Work required: If a record holds a picture, omit the picture, but copy everything else below exactly.

BEGIN

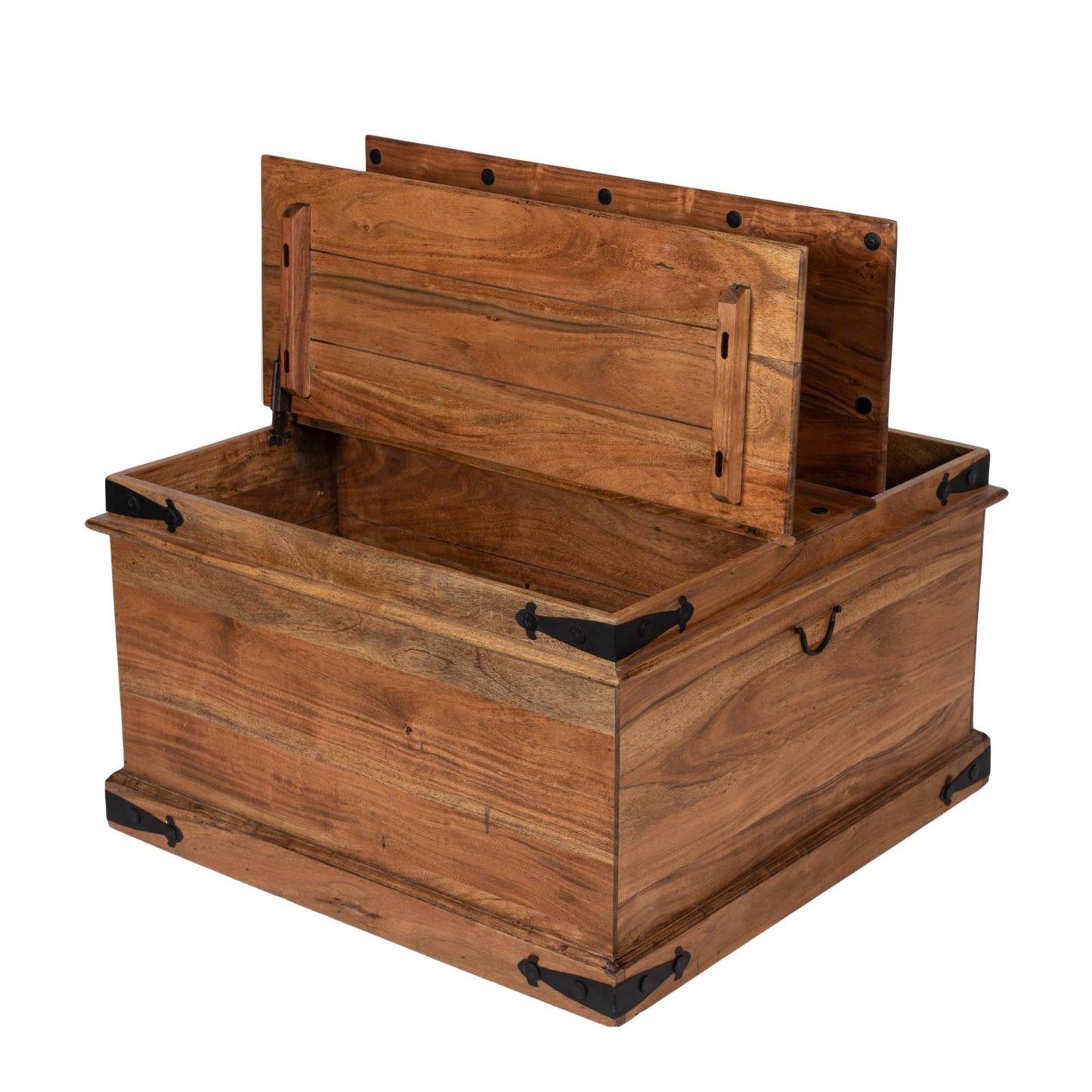 Mesa de centro cuadrada de tronco en acacia maciza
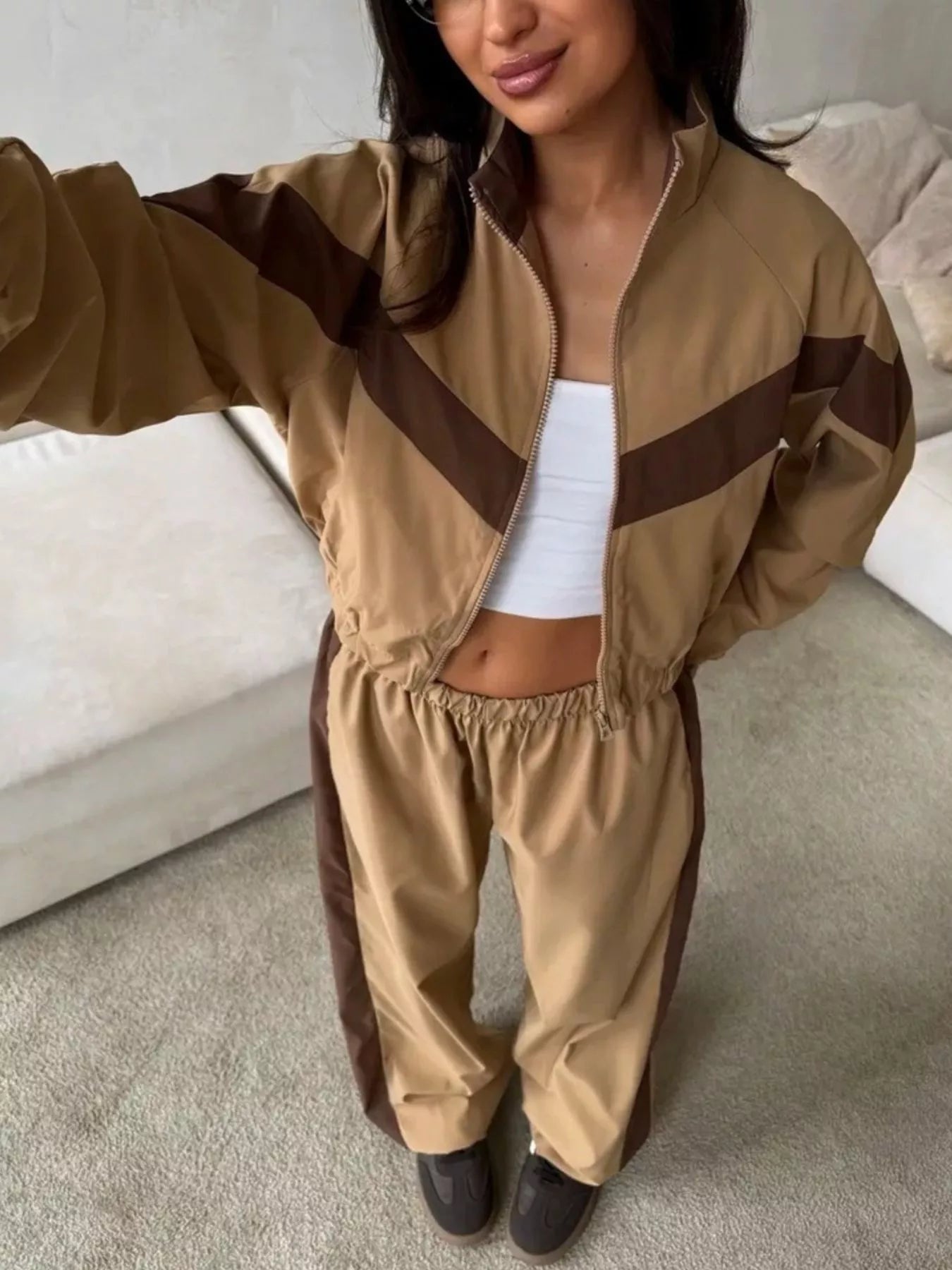 Trendsi Color Block Zip Up Outerwear and Pants Set -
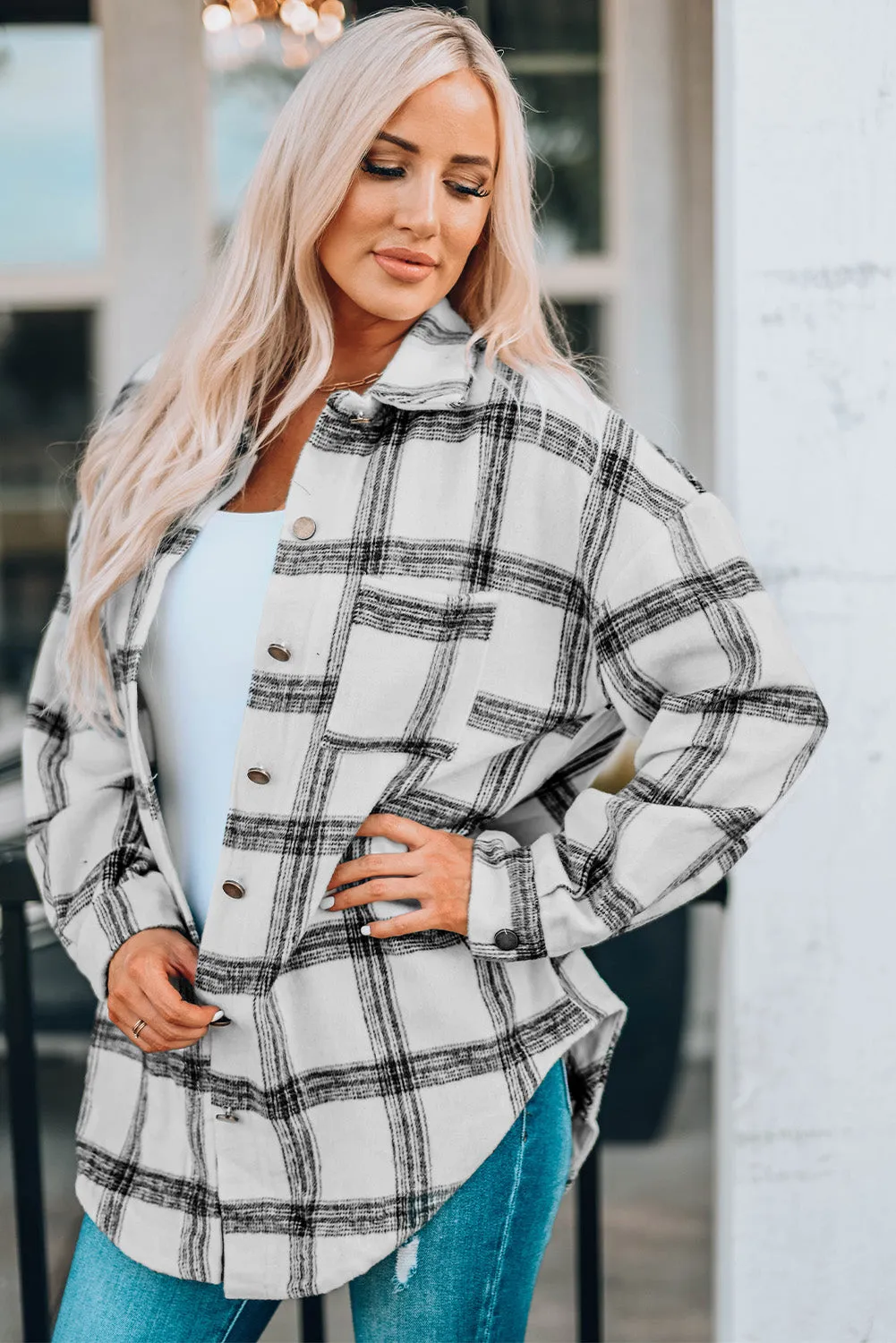 Womens Casual Plaid Shacket Button Down Shirts Coats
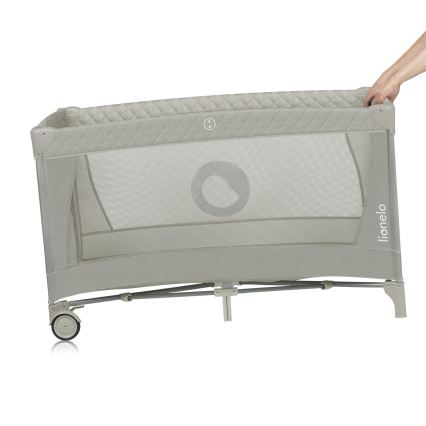 Lionelo - Φορητή ταξιδιωτική κούνια FLOWER Cappuccino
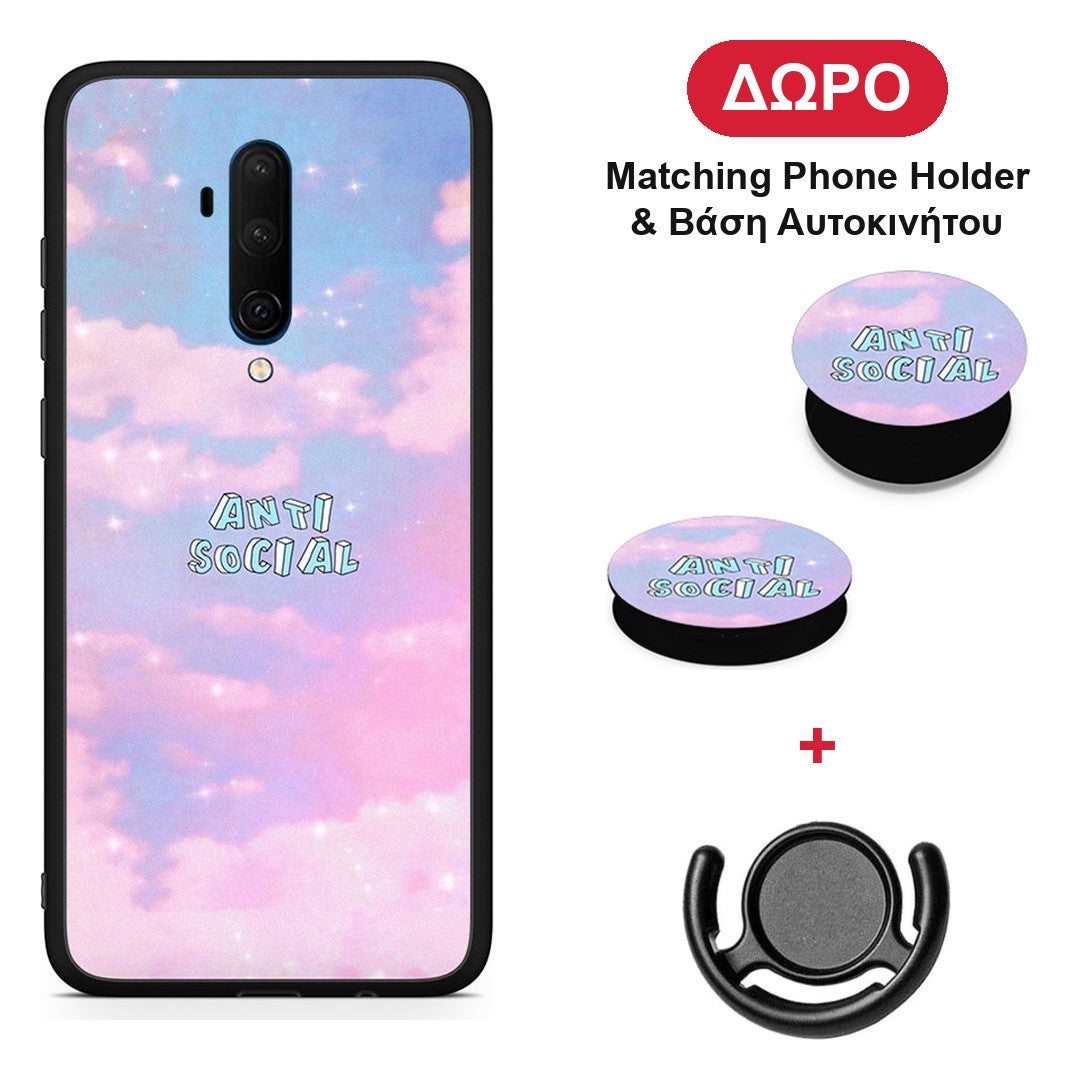 Anti Social - OnePlus 7T Pro θήκη + Δώρο Phone Holder & Βάση Αυτοκινήτου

END

Answer for this exercise:
 Mesa de centro cuadrada de tronco en acacia maciza
 Trendsi Color Block Zip Up Outerwear and Pants Set -
 Womens Casual Plaid Shacket Button Down Shirts Coats
 Lionelo - Φορητή ταξιδιωτική κούνια FLOWER Cappuccino
 Anti Social - OnePlus 7T Pro θήκη + Δώρο Phone Holder & Βάση Αυτοκινήτου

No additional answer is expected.